Keep in mind additionally that with the current credit liquidity crisis, getting the money even to expand beyond where we are right now is much harder, meaning that the effective price of that oil shale is already probably priced in close to $100 a barrel, at a time when demand has dropped. Should the economy actually start to recover at some point, this means that $100 a barrel for shale will likely represent a floor.
Also keep in mind that oil's supply/demand curve is far from linear. The oil companies make far more money selling oil at a moderate price than they do selling it at a high price, because demand drops as prices rise. This is why they are downplaying peak oil - perceived scarcity of oil drives prices up and causes a drop in demand, which in turn causes a move to alternative fuels - clean ones, preferably, but dirty ones if the clean ones aren't adequate to current needs.

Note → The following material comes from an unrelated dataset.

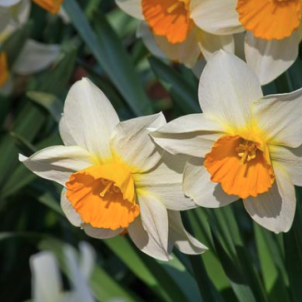 Когда пересаживать нарциссы для пышного цветения и размножения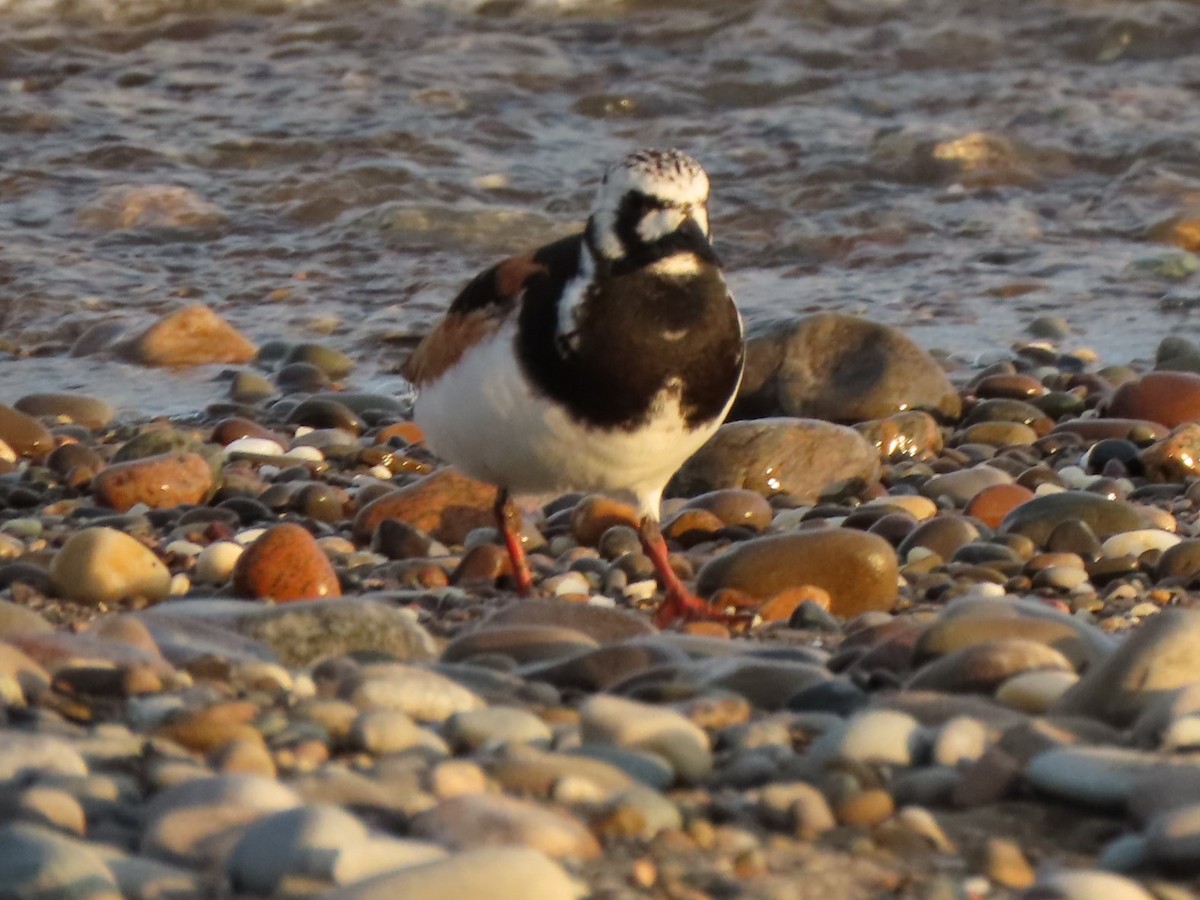 Ruddy Turnstone - ML598739911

IEA estimates have tended to be conservative, compared both to USGS figures and those from oil producing countries such as Mexico, KSA and, yes, even Canada. While their estimates for supply may actually still be a little on the high side, the IEA numbers also seem to be coming into line with real figures, whereas USGS numbers have been suspect for years (and there's some intriguing evidence that the Canadians almost certainly have overestimated the amount of recoverably shale oil). That the KSA and Mexican numbers are purely fabricated is now pretty much taken as an article of faith.
So no, I don't hold out much hope for a magical technology to solve the coming oil crunch.
the break even point should be $40-$50
Pollution will be huge to extract oil from tar sand
The grade of tar sand oil is very low, it is not even real oil , maybe acceptable for heating purpose, but I am not talking about the gas for your car.
I bet if we wish more strenuously, the bitumen will mobilize itself!
It won't require actual heat in an actually well-understood, analyzed, and researched thermal process to detach from the sand.
THIS IS THE POWER OF DREAMS!!!!!!!
Speaking of dreams how is that dream of yours that oil comes from organic matter jiving with Titan? Ya think that the methane produced there comes from plant life?
Totally agree which is why I am loading up on solars at these levels.
The 2nd Law of Thermodynamics shows us that energy will always precipitate to a less dense, more diverse, and hence less useless state.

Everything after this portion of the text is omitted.